Exercise inputs: Begin
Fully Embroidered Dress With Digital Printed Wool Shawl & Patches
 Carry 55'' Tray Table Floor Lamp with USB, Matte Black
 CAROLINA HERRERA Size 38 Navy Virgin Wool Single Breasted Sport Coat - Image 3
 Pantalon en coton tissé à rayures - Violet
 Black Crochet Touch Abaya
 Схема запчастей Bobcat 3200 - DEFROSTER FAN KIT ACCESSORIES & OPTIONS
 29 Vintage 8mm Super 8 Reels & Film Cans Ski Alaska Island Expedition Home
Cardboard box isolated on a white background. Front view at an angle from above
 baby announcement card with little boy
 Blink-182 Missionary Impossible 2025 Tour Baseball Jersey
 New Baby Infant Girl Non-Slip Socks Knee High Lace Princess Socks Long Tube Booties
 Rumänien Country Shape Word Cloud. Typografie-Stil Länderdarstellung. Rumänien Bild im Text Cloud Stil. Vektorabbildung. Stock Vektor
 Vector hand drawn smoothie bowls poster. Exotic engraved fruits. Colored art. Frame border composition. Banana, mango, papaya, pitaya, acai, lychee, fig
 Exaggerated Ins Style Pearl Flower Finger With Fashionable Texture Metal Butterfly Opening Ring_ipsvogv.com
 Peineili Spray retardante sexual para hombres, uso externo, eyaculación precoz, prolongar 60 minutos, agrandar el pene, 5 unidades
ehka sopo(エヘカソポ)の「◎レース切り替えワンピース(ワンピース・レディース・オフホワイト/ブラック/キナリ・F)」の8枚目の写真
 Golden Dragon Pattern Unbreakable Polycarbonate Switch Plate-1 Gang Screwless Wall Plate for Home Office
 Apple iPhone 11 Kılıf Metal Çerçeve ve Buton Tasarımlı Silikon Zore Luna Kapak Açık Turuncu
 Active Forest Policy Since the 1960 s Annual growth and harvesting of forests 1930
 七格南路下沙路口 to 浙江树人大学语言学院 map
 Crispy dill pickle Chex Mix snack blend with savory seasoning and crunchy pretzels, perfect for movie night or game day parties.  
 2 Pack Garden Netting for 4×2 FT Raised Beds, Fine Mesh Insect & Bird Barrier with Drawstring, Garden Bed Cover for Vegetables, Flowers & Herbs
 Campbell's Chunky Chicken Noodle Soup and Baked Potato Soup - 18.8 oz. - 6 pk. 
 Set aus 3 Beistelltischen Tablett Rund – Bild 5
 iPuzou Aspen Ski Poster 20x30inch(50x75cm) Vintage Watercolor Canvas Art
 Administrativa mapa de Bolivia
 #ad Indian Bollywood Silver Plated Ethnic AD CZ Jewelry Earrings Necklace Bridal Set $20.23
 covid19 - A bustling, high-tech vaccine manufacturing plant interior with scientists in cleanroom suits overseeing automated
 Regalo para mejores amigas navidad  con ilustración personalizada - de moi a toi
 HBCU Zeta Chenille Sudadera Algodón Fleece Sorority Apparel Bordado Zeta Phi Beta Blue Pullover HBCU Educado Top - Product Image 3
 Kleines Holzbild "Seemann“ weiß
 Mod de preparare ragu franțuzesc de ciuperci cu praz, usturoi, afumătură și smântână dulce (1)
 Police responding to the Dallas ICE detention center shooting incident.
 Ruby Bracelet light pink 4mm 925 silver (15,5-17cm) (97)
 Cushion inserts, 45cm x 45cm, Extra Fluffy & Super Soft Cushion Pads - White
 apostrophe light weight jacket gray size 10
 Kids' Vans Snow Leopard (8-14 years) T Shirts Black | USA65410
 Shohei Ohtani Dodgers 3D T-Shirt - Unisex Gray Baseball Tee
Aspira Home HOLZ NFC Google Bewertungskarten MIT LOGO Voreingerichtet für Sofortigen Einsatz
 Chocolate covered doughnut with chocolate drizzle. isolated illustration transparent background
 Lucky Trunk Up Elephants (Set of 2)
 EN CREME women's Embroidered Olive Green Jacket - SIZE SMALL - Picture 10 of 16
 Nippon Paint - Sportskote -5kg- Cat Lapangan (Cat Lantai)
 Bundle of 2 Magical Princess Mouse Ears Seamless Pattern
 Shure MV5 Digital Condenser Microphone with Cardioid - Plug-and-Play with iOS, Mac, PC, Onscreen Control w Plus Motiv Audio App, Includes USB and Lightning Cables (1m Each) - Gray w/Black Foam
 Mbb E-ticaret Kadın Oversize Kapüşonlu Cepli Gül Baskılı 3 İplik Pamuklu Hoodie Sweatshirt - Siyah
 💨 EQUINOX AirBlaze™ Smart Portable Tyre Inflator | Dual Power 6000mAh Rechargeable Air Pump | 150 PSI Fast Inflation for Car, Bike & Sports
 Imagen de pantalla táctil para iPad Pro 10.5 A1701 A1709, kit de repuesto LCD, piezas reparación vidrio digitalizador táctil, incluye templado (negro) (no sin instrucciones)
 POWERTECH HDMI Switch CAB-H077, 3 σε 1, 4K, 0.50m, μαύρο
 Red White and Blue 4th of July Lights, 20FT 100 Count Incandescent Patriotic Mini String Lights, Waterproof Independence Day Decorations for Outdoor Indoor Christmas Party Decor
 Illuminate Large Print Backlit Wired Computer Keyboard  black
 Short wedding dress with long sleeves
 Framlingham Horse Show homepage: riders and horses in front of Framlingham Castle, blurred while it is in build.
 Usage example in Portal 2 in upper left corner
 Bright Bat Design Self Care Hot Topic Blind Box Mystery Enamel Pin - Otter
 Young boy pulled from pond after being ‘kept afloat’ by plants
Exercise inputs: End
→ What this task involves: Take every line above that includes "Wool" and list it.

→ Written answer:
Fully Embroidered Dress With Digital Printed Wool Shawl & Patches
 CAROLINA HERRERA Size 38 Navy Virgin Wool Single Breasted Sport Coat - Image 3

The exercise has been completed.